(Beginning of Records shown)
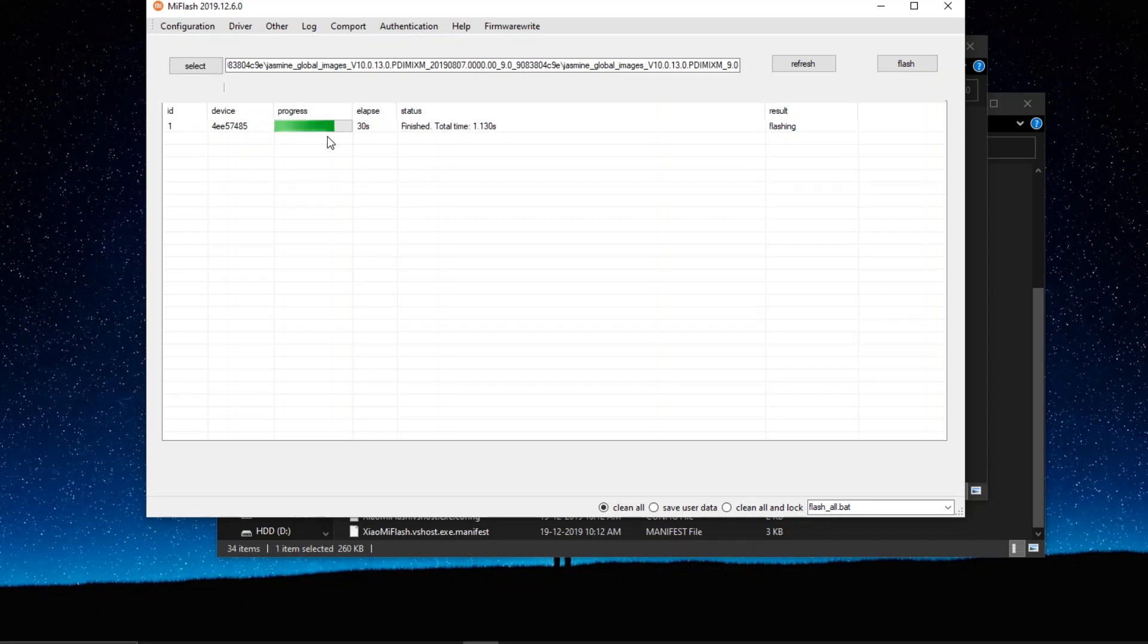Now just wait for the flash process to end. And once you are in the flashing process, just wait for it. It's going to take about a time or something. And once it gets completely done, you can just wait there. And that's it.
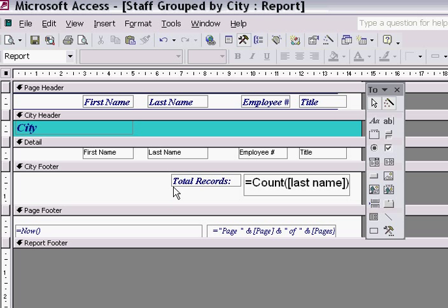In this part of the demonstration I want to add a label to my report. A label is something that is used when you're creating a report to identify what the data or information means. A label is simply something that human beings can look at and read and get some meaning from the report.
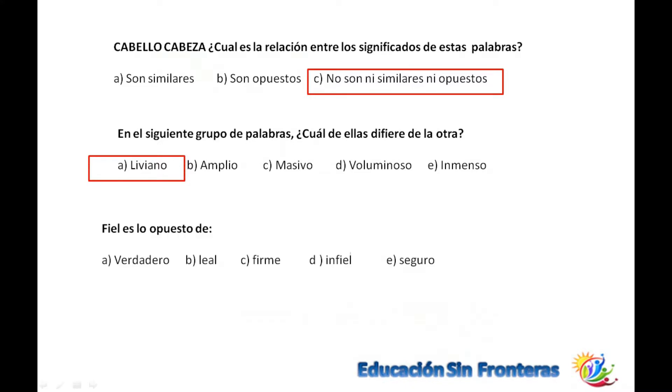Esta sí es fácil la que viene a continuación: fiel es lo opuesto de infiel.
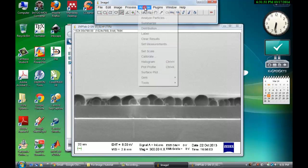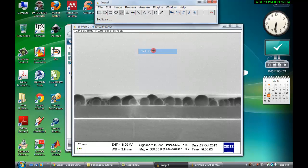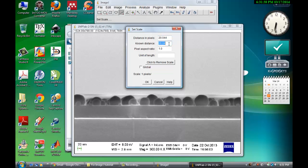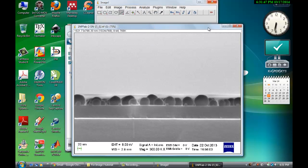Now go to Analyze, Set Scale. Here it shows that the distance in this picture is this much and the equivalent distance as mentioned is 20. Units of the length is nanometer. Let's make it global. Okay.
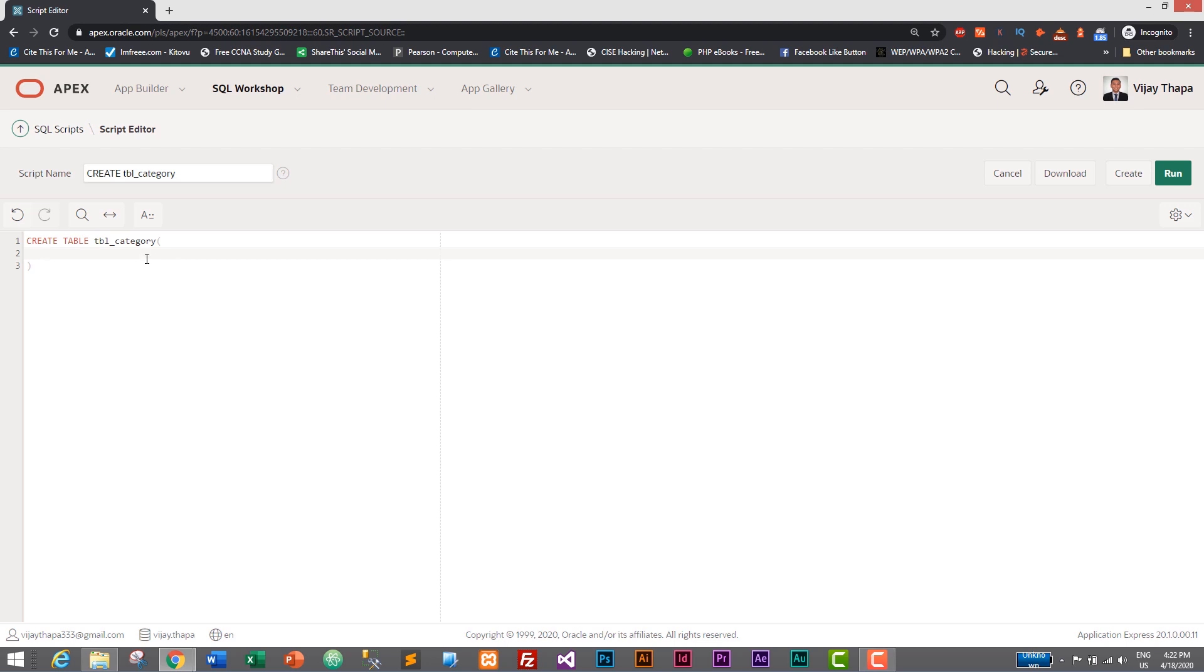Our first column will be ID, category_id. So category_id and its data type will be NUMBER. In MS SQL Server we had INT or INTEGER, in Oracle we have NUMBER, and we need to give the length as well. So I'll give 10.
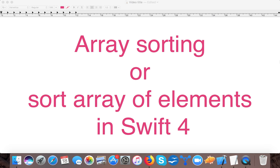Hello and welcome to Swift tutorials. In today's video we are going to learn array sorting or how to sort an array of elements in Swift 4.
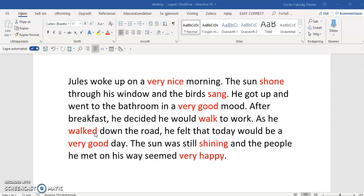In Norwegian I know that I can say: gå, spasere, rusle, tusle, sprade, trave — very many different words, and they have different meanings. They represent different ways of walking.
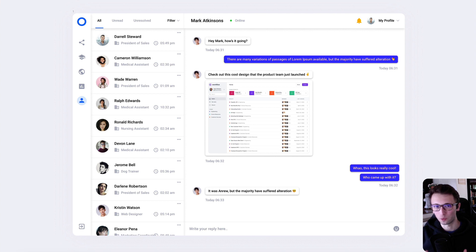I also want to remind you that I recently launched a Figma course, so if you want to bring your Figma design skills to the next level, feel free to check it out in the link in the description.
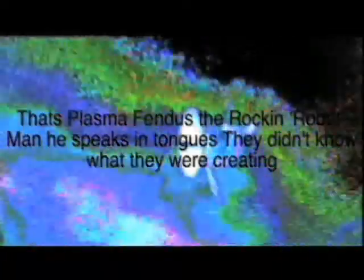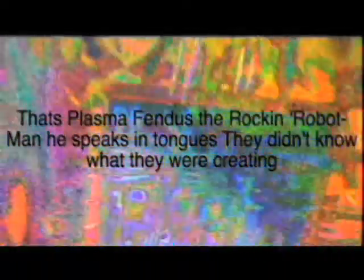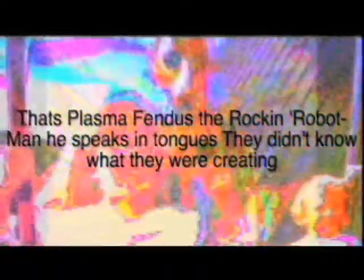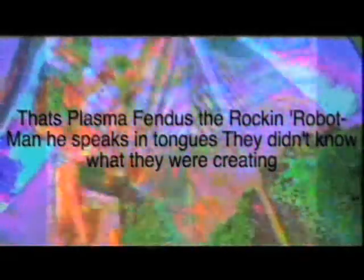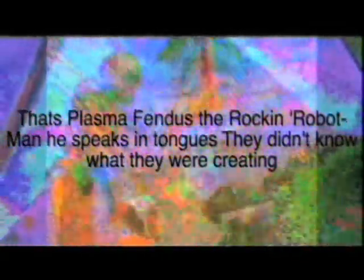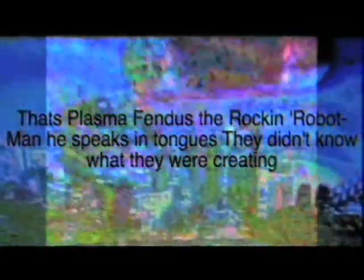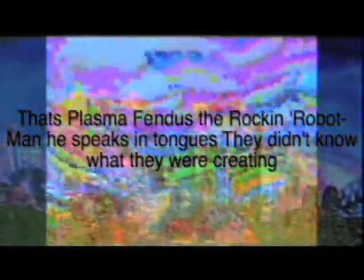When people were studying Stephen Hawking and Albert Einstein, they were freaking out about all the stuff they were talking about. And we said, Plasma Fendus, let's bring him out. Let's show the world we have this thing that can be alive without people being involved.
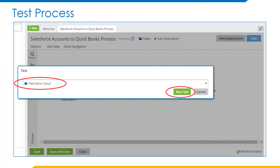Once building the Boomi AtomSphere process is completed, we need to go for the Test process by clicking the Test button. Here we have two types of test process environments: Test Atom Cloud environment and On-Premise Atom environment. Here, we are using the Test Atom Cloud environment, so we chose it to test the process and click Run Test to run the test process. If our process does not have any errors, then the customers in QuickBooks will be created from the Salesforce accounts.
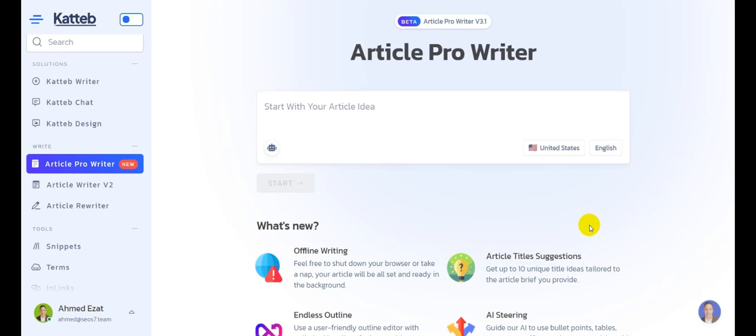Hey everyone, this is Ahmad Azad from Katib. In today's video, I'm going to walk you through how you can create the perfectly SEO optimized article using our newly introduced article pro writer.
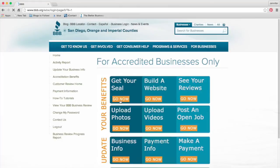Once you are logged in, you can see all the benefits offered to your business. From here, you can download the BBB seal to use on your website, see customer reviews, upload photos and videos, and the list goes on.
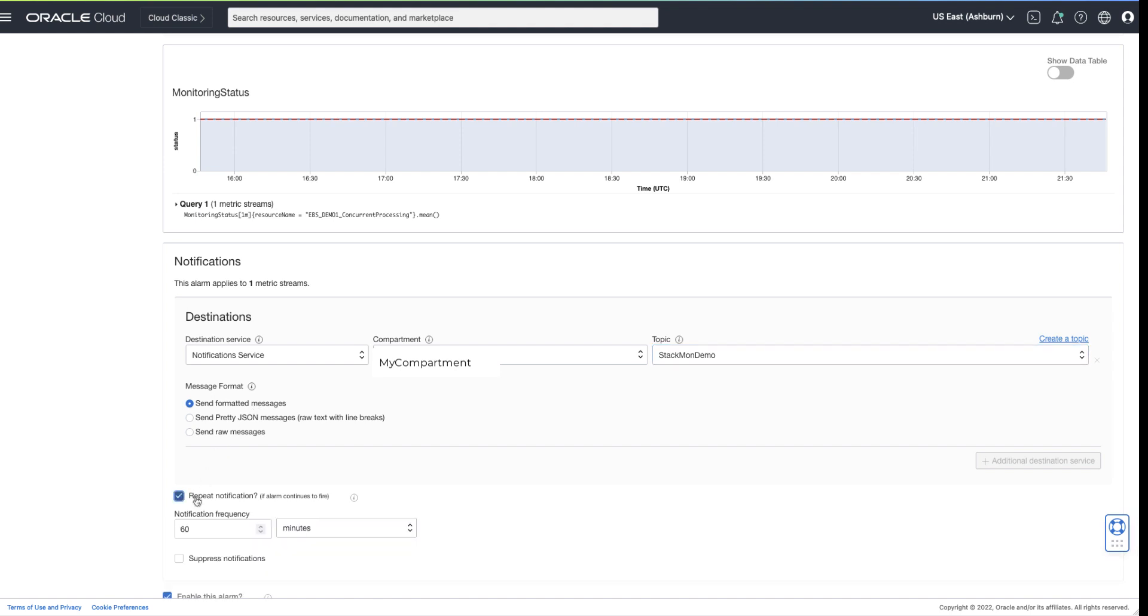Finally, determine if you wish to receive repeat notifications and how frequently. In this example of concurrent manager down, I want to be notified every 10 minutes if the alarm is still firing.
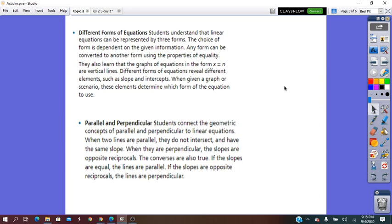Through the different forms of the equation of the line, students will understand that linear equations can be represented in these three different forms. They will be able to choose which form is suitable to answer the different kinds of questions.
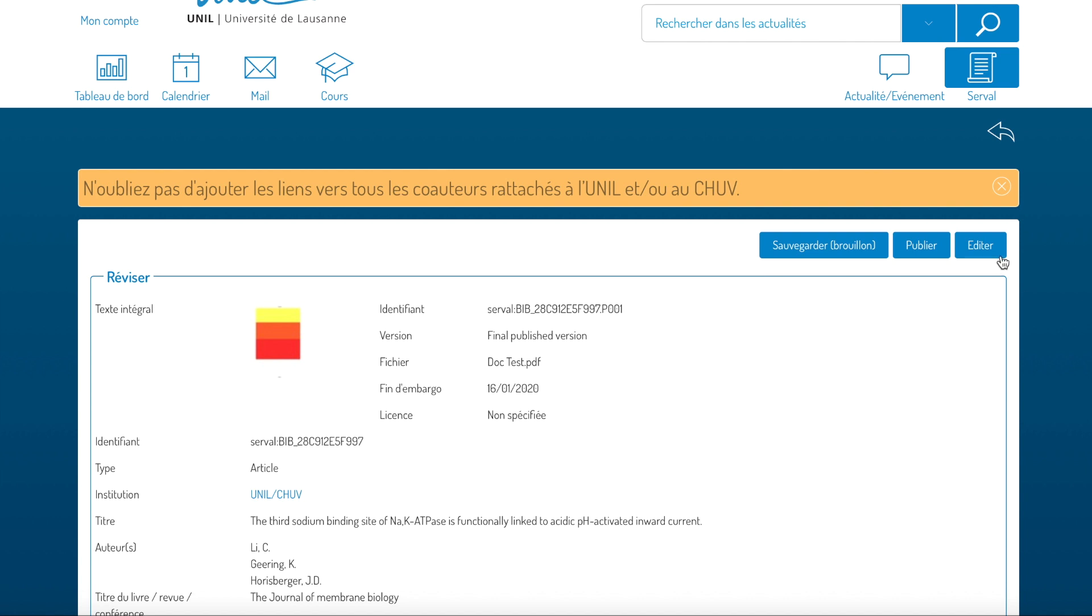You will then enter in the advanced entry mode. Please bear in mind that when you publish an entry that has a PDF in it, you won't in principle be able to modify or eliminate it in the future, whereas the metadata can always be modified and edited.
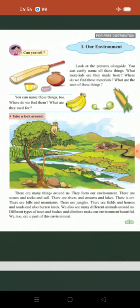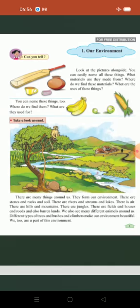We also see many different animals around us — वेगवेगळे प्राणी आपल्या सभोवताली असतात. Different types of trees and bushes and climbers make our environment beautiful — निरनिराळ्या प्रकारचे वृक्ष, जाड-जुड पेड, वेली यांनी आपला परिसर सजला आहे. We too are a part of this environment — आपण ही या परिसराचाच एक भाग आहोत. Thank you.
(End of Records shown)
▸ **Your task**: Retype exactly the lines from the one containing "You will then" through the last line of the records above, both included, and leave out any pictures.

▸ **Answer area**:
You will then enter in the advanced entry mode. Please bear in mind that when you publish an entry that has a PDF in it, you won't in principle be able to modify or eliminate it in the future, whereas the metadata can always be modified and edited.
We also see many different animals around us — वेगवेगळे प्राणी आपल्या सभोवताली असतात. Different types of trees and bushes and climbers make our environment beautiful — निरनिराळ्या प्रकारचे वृक्ष, जाड-जुड पेड, वेली यांनी आपला परिसर सजला आहे. We too are a part of this environment — आपण ही या परिसराचाच एक भाग आहोत. Thank you.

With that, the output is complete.